Un dossier fut établi pour chaque bénéficiaire, avec une carte d’identification portant photo du bénéficiaire. Nous avons même profité de l’occasion pour permettre aux bénéficiaires d’obtenir leur carte d’identité fiscale. A la demande du MARNDR, la DGI envoya à Pont Sondé une équipe avec tout le matériel nécessaire ; l’expérience eut un très grand succès, malheureusement,au bout de quelques jours, les appareils de la DGI présentèrent des problèmes. L’équipe fut rappelée à Port-au-Prince et ne revint jamais.
On ne saurait terminer ce chapitre sans dire un mot des mesures d’accompagnement déjà mentionnées. Il s’agit de tout un paquet de mesures, qui ne relèvent pas de la compétence de l’INARA, mais qui sont indispensable si l’on veut que le bénéficiaire puisse réellement tirer profit de la parcelle qu’il a reçue.
En effet, comme tout le monde ne cesse de le répéter, il ne suffit pas de donner de la terre au paysan, il faut aussi le mettre en mesure de la cultiver.
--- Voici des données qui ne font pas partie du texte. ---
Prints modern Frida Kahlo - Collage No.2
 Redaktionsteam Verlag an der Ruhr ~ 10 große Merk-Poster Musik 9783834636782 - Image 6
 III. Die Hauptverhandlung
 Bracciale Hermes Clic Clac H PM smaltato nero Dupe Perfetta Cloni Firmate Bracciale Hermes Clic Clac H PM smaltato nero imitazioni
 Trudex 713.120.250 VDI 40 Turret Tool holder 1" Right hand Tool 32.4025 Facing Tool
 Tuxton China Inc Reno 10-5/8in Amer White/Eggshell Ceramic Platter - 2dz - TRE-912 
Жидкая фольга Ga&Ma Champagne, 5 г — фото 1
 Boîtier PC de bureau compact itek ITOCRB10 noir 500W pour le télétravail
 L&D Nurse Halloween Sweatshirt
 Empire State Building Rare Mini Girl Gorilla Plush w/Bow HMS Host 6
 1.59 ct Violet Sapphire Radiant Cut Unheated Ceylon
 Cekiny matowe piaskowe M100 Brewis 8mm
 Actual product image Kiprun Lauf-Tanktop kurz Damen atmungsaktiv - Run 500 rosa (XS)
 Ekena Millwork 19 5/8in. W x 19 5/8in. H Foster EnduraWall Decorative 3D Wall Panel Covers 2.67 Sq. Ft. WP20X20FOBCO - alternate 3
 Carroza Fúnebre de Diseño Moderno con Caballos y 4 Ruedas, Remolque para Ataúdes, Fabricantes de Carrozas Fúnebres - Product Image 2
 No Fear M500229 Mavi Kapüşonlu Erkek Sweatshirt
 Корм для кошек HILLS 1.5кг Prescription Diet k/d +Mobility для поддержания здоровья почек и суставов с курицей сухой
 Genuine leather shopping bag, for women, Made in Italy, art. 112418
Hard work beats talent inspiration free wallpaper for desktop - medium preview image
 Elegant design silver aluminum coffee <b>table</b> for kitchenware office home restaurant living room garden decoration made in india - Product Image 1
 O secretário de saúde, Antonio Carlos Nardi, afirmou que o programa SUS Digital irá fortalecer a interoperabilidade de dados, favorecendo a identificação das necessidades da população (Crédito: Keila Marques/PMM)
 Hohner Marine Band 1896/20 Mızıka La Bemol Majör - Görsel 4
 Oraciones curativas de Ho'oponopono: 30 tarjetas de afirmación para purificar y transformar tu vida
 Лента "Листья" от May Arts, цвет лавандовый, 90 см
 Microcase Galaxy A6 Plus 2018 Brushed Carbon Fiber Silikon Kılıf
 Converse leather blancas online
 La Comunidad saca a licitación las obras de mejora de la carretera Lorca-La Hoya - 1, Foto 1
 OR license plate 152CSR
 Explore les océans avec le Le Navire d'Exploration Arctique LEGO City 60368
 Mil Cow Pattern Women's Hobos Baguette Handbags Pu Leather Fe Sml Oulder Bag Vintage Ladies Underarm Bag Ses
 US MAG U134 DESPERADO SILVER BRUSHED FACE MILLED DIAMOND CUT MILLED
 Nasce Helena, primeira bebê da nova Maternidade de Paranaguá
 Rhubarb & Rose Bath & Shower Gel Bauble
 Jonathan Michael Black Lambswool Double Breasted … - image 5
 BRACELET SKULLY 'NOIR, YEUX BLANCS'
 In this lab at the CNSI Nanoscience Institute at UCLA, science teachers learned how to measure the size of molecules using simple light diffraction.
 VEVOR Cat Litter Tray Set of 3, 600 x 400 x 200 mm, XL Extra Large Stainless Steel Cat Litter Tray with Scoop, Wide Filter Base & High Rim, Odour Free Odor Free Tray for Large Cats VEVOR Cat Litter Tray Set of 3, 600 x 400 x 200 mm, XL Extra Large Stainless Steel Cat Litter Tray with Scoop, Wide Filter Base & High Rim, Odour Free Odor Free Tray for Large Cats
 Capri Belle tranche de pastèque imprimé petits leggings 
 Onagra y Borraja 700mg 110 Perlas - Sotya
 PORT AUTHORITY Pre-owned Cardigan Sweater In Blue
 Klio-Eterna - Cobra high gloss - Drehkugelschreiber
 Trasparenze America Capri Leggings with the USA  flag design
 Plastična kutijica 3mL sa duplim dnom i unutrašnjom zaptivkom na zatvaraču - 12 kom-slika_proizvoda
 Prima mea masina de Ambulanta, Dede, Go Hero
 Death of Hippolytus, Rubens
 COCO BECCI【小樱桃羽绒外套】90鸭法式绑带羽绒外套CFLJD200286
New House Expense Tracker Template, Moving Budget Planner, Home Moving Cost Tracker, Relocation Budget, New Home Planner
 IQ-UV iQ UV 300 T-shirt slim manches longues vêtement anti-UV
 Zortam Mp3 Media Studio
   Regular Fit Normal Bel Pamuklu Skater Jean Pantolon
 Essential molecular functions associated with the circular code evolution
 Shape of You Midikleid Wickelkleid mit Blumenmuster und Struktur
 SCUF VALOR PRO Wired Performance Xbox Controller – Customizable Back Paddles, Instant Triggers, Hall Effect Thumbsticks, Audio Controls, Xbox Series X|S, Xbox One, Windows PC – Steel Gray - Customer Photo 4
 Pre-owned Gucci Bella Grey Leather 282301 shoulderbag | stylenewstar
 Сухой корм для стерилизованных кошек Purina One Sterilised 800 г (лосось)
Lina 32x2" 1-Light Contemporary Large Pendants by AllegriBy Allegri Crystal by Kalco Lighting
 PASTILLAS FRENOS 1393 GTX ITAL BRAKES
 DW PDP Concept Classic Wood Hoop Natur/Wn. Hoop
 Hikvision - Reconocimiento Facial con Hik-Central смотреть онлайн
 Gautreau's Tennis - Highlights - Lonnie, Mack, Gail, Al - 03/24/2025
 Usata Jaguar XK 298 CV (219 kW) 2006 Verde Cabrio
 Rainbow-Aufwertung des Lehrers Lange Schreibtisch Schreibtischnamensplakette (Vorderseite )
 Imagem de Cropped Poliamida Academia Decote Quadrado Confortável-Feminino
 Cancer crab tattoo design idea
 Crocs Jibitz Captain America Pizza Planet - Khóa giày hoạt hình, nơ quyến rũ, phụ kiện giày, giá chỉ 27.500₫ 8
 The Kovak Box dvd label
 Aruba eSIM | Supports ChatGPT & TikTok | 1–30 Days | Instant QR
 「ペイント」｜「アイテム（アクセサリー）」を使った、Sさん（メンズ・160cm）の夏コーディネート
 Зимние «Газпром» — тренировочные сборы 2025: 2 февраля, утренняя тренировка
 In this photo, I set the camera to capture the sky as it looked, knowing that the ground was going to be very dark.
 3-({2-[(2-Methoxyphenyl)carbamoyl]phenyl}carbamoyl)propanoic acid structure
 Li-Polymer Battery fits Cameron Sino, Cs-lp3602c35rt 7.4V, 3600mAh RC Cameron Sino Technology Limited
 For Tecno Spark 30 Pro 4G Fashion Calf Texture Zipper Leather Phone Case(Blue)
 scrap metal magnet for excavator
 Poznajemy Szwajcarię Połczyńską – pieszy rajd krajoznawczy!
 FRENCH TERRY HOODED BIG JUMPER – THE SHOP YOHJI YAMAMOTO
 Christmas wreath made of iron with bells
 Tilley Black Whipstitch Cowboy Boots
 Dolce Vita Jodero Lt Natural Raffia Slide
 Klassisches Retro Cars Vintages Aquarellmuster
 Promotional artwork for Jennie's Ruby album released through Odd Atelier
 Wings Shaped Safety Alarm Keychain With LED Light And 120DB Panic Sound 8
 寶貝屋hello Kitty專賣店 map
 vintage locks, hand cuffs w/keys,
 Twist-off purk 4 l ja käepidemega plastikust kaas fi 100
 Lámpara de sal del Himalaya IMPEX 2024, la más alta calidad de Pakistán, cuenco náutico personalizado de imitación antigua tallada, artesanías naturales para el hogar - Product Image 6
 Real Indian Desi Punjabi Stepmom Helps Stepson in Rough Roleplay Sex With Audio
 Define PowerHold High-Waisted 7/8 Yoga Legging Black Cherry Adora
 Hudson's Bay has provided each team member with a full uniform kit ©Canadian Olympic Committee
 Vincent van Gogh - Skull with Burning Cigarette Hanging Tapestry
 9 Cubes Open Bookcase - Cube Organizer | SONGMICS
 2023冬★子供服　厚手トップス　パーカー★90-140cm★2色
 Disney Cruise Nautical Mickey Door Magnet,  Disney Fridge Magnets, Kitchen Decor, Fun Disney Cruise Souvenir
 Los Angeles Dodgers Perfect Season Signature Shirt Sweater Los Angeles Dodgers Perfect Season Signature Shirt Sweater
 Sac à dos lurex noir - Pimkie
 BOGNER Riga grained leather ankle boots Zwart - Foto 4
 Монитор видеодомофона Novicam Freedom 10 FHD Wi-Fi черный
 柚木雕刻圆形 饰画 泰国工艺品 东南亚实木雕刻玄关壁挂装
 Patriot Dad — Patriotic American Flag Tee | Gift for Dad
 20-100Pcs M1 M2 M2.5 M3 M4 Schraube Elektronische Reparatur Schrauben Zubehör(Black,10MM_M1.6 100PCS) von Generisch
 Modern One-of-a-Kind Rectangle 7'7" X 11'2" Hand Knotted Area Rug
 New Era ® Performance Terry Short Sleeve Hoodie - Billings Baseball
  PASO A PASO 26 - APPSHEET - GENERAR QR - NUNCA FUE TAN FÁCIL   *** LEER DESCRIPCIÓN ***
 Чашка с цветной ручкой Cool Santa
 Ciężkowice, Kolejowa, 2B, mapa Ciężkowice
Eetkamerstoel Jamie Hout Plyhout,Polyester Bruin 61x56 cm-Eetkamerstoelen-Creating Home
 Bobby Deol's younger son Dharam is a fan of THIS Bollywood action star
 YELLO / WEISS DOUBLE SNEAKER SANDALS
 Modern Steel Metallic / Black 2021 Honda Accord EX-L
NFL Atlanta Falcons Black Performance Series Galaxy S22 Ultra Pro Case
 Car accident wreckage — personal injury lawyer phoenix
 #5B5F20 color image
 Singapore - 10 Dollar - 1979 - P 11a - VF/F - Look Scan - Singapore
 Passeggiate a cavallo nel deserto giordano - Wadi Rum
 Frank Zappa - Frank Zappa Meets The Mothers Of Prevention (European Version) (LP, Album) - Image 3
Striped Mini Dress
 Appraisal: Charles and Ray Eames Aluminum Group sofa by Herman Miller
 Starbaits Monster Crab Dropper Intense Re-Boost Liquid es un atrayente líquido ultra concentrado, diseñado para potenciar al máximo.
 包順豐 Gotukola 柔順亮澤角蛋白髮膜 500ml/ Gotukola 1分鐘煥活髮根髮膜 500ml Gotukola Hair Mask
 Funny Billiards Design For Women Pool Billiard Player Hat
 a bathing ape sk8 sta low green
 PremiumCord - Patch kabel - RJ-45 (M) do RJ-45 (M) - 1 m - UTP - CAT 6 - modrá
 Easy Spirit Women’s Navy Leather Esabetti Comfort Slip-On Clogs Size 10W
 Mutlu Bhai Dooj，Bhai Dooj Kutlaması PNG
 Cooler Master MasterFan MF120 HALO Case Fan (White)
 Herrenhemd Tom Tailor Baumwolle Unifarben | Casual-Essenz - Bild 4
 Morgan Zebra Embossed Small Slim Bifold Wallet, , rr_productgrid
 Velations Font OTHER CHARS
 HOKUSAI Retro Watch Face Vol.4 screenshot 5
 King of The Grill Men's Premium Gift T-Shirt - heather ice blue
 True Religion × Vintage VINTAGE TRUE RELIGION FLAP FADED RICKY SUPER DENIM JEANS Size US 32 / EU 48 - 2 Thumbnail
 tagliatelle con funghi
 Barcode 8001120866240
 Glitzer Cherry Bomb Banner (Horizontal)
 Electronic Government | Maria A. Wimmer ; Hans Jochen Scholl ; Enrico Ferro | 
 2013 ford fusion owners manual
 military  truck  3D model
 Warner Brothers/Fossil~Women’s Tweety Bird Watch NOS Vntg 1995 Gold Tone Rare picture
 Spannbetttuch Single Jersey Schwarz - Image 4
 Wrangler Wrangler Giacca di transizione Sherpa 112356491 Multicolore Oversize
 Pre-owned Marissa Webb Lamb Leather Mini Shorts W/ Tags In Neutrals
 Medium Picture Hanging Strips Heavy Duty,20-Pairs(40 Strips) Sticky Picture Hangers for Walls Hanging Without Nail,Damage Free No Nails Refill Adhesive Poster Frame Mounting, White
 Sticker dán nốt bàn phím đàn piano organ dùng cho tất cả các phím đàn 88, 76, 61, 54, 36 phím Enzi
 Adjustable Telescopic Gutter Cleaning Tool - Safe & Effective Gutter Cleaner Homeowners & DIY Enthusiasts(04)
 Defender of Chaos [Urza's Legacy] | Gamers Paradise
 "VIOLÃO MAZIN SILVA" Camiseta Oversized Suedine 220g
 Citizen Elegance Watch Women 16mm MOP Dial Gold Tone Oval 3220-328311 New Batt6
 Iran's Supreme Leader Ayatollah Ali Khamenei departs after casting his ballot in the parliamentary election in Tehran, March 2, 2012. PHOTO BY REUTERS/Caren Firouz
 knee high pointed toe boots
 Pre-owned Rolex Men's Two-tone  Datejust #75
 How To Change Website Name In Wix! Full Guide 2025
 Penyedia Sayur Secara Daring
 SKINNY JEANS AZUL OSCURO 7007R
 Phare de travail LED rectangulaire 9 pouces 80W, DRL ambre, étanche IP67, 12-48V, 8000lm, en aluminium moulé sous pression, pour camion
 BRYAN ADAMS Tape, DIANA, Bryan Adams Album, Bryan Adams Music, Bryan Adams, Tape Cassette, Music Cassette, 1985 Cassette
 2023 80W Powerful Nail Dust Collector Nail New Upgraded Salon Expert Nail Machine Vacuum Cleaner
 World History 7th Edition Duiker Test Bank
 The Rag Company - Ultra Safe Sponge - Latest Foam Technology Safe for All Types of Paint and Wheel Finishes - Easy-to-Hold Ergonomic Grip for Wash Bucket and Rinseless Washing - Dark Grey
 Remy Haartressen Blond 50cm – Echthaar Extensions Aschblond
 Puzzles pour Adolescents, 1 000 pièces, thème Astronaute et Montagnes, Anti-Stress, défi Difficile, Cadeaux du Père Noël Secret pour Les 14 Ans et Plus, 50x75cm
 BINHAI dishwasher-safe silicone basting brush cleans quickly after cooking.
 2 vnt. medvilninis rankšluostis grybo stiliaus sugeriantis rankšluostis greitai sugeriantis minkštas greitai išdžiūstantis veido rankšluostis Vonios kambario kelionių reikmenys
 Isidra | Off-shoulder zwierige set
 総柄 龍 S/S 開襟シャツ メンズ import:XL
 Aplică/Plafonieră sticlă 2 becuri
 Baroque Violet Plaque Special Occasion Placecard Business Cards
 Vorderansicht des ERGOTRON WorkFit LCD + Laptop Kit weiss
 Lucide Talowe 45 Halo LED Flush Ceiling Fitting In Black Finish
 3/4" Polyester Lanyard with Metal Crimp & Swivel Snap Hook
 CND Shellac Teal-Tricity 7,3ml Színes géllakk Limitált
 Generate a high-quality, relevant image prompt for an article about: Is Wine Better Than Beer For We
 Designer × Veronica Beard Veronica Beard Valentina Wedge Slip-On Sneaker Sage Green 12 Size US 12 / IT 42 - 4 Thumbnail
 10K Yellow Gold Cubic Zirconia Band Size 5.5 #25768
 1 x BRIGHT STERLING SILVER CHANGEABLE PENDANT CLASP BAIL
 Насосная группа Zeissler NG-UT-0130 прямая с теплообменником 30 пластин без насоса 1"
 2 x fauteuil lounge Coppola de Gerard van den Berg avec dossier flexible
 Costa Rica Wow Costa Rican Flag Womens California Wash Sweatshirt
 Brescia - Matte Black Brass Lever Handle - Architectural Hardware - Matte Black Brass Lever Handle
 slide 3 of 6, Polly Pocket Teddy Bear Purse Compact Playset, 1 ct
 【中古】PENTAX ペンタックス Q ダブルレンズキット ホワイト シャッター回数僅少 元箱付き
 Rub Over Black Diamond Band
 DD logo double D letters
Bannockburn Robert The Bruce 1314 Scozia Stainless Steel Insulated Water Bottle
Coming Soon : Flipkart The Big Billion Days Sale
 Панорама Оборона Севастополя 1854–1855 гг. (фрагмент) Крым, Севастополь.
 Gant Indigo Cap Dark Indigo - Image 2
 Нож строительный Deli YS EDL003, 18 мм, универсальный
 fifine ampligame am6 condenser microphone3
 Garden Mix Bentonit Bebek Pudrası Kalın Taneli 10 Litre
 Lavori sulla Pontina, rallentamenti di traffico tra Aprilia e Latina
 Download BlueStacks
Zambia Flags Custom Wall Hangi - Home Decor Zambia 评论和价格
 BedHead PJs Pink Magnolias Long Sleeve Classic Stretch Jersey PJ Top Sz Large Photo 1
Cela suppose des interventions au niveau de l’infrastructure, des mesures d’accompagnement visant à assurer l’approvisionnement en crédit et en intrants l’encadrement technique des planteurs et une amélioration de leur équipement.
En ce qui concerne l’infrastructure, des travaux d’aménagement foncier ont été exécutés, qui devaient assurer que les parcelles soient bien irriguées et bien drainées. Pour ce qui est des mesures d’accompagnement proprement dites,
- le MARNDR avait déjà pris des dispositions pour un approvisionnement en engrais à un prix subventionné,
- l’ODVA entreprit des démarches pour l’approvisionnement en semences,
- le BCA accorda un crédit de 5.000 gourdes à chaque bénéficiaire,
- l’ODVA mit sur pied une équipe de techniciens chargés de la formation et de l’encadrement technique,
- plus tard on se lança dans l’acquisition de motoculteurs et de moulins qui furent mis à la disposition des planteurs.